The term opaque should now be used for practical inspectability, not as the form name. Distributed-parametric artifacts become opaque at very small scales because their behavior is not localized in readable units. Prose and symbolic systems can also become practically opaque at sufficient scale, as opacity is a scale threshold, not a class property argues.

The prose/symbolic boundary is the phase transition codification crosses and constraining often aims toward: the medium changes, the consumer changes, and the verification regime changes. Intermediate cases - typed prose, schema-validated Markdown, prompts with required sections - are mixed artifacts. Classify the operative parts separately: prose content for interpretation, symbolic structure for validation or assembly.

Storage substrate

Storage substrate records where retained state persists: repo files, database rows, service-managed objects, graph stores, vector stores with attached records, prompt registries, runtime configuration, audit logs, or model-artifact stores. Substrate is operationally important because it determines permissions, deletion, versioning, rollback, deployment, and latency.

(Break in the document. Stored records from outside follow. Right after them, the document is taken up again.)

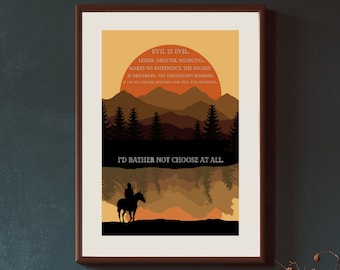 Evil Is Evil Poster - Witcher Quotes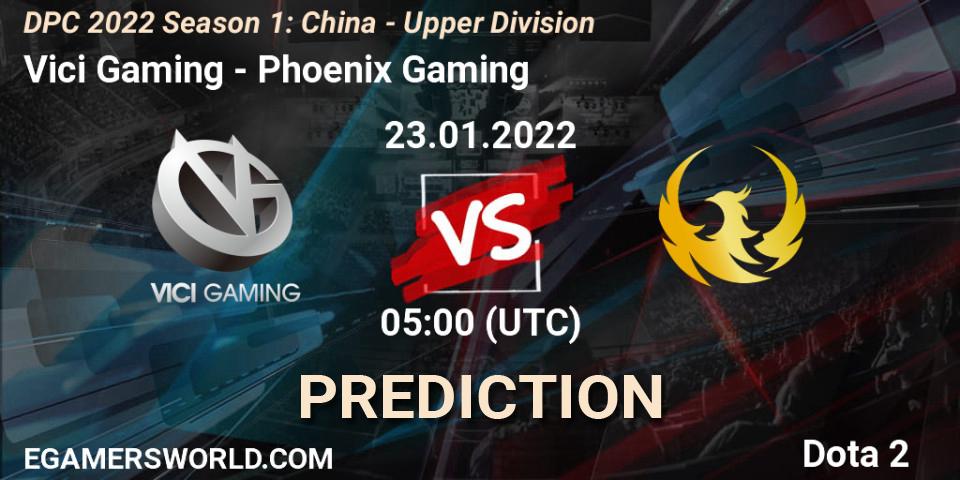 Prognose für das Spiel Vici Gaming VS Phoenix Gaming. 23.01.2022 at 04:54. Dota 2 - DPC 2022 Season 1: China - Upper Division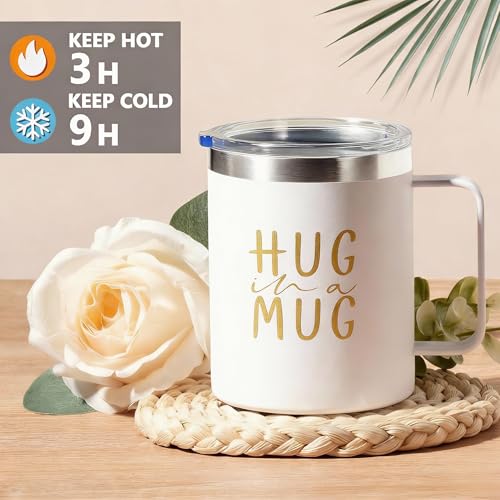 Get Well Gifts for Women, Self Care Gift Basket, Thinking of You Care Package, Surgery Recovery Gifts, Encouragement Birthday Mother's Day Gift Box with Blanket Mug Candle Bomb for Mom Sisters Friends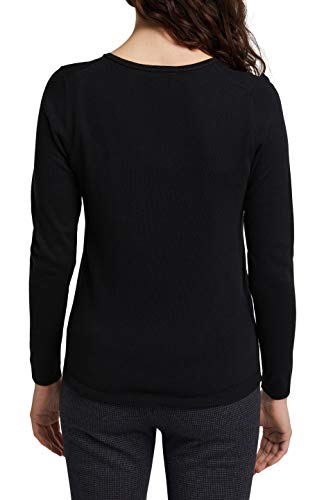 edc by Esprit 999cc1i801 suéter, Negro (Black 001), Medium para Mujer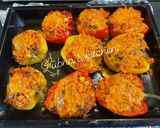 A picture of step 6 of Quinoa Stuffed Peppers:.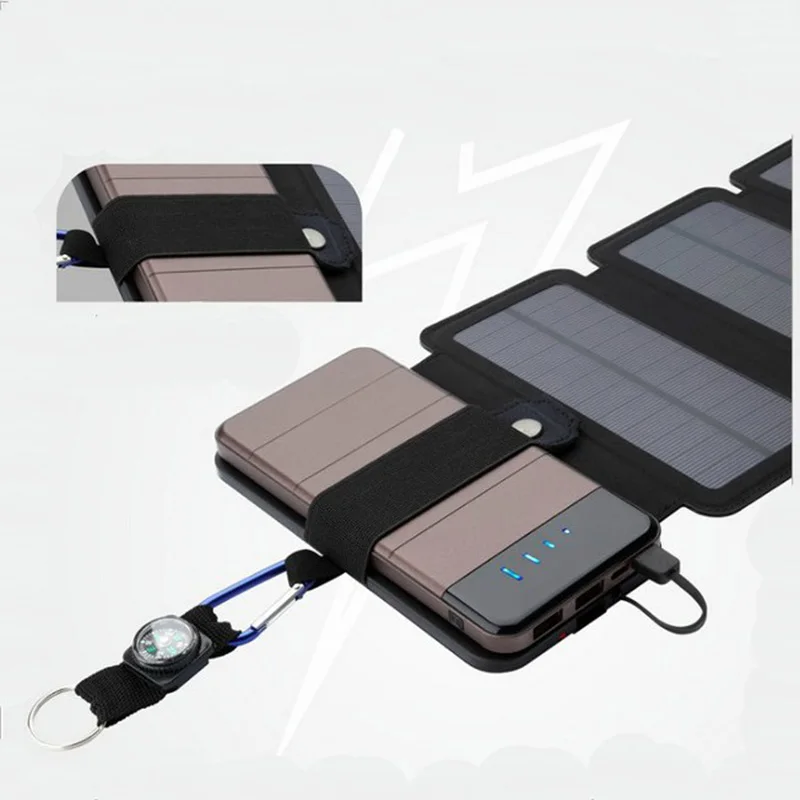 Складной внешний аккумулятор Floureon 10 Вт 5 В 2 1 а с выходом USB портативные солнечные
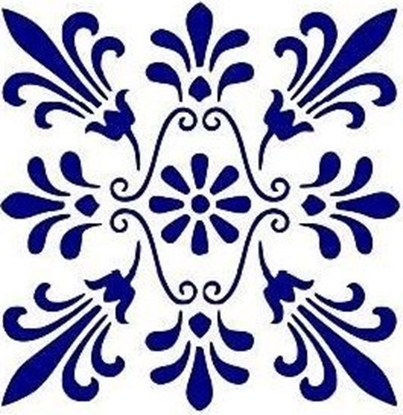 Picture of Szablon zmywalny ornament A4 20x30cm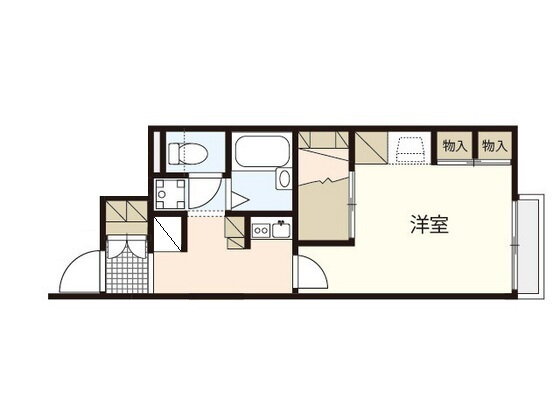 広島県広島市佐伯区三宅３ 楽々園駅 1K アパート 賃貸物件詳細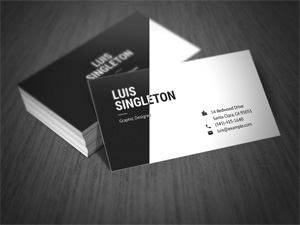 Clean and Minimal Business Card Templates by Horea Nicodin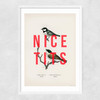 Nice Tits Narrow White Frame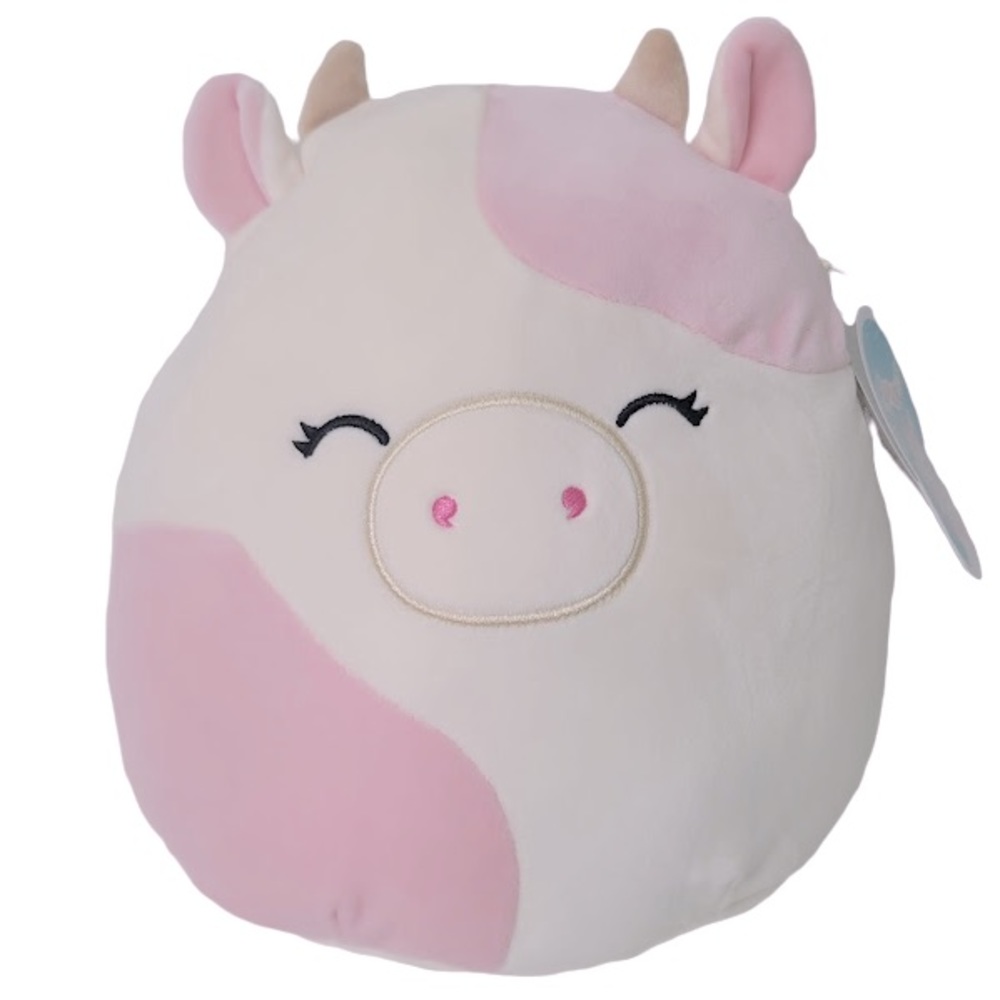 Caedyn the Cow Squishmallow Pink and White Squishmallow 10”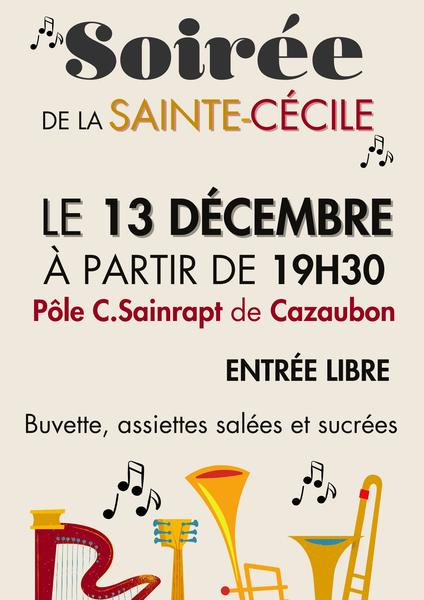 Soirée de la Sainte Cécile à Cazaubon_Cazaubon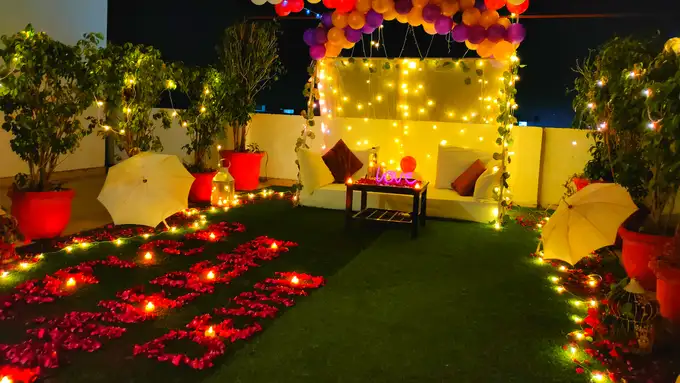 Enjoy Whimsical Cabana Rooftop Dinner in Gurgaon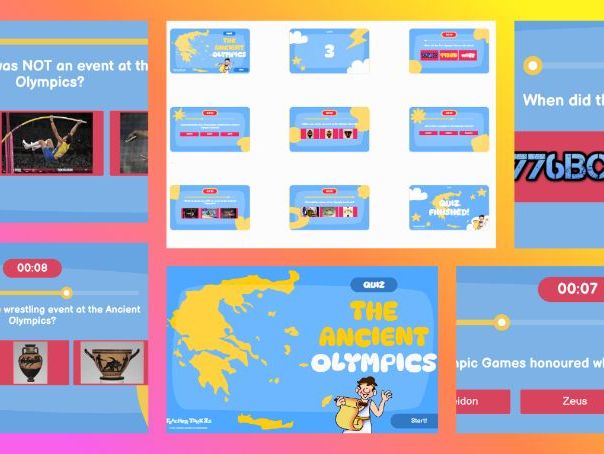 KS2 Ancient Greece - Olympic Games Interactive Quick Quiz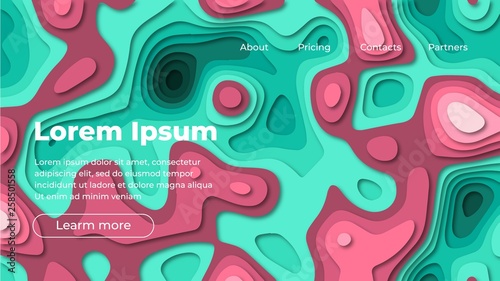 Colorful geometric background 011. Fluid shapes composition. Eps10 vector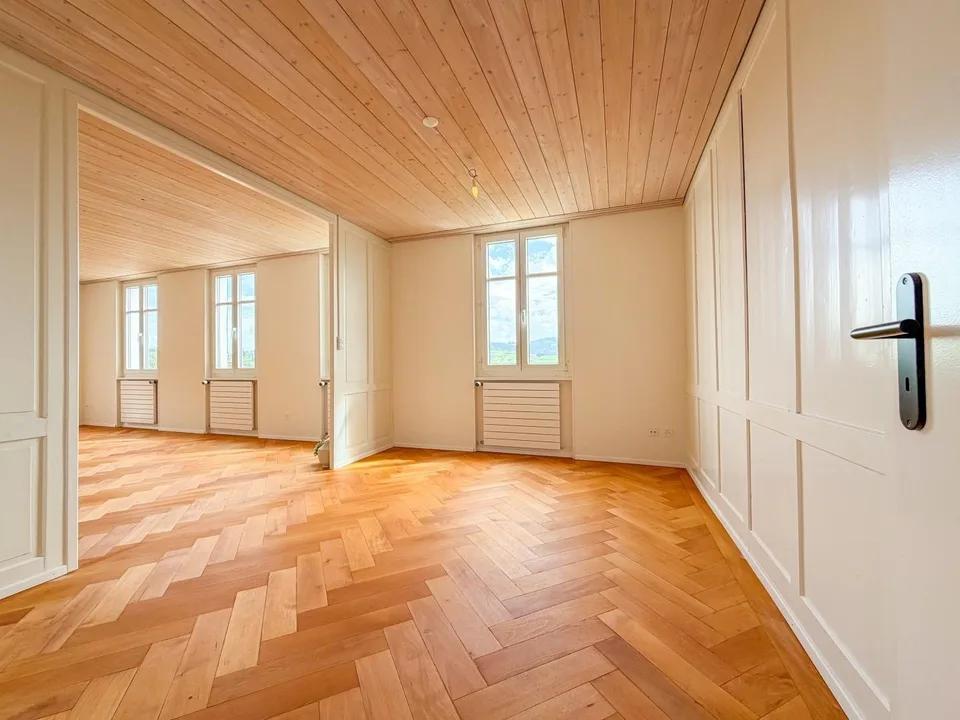 Appartement de 5,5 pièces dans un immeuble ancien, rénové récemment, avec vue sur l'Alpstein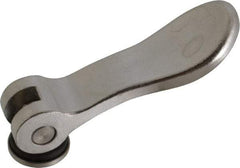 KIPP - 5/16-18, 0.94" Hub Diam, Stainless Steel Adjustable Clamping Handle - Americas Industrial Supply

Substrate is not representational form. A repository may contain prose workflows, symbolic validators, generated prompt views, route tables, and pointers to checkpoints. A vector store may package readable prose records together with distributed-parametric embeddings and ranking behavior. Cognee keeps prose records in a database-backed poly-store; the substrate changed, the prose form did not.

Lineage

Lineage records whether retained behavior is source material, canonical source, derived view, generated index, compiled artifact, assembled package, learned update, or archival evidence, and what source changes should invalidate or refresh it.

Lineage is separate from substrate and form. A prose workflow may be canonical in a repo file, summarized into a prompt view, and compiled into a symbolic validator. A generated directory index may be a derived view over canonical notes. A model checkpoint may be a distributed-parametric learned update derived from trace records and reward signals. The question is whether the system can tell what the derived artifact depends on, when it should refresh, what form change occurred, and what authority it carries relative to its sources.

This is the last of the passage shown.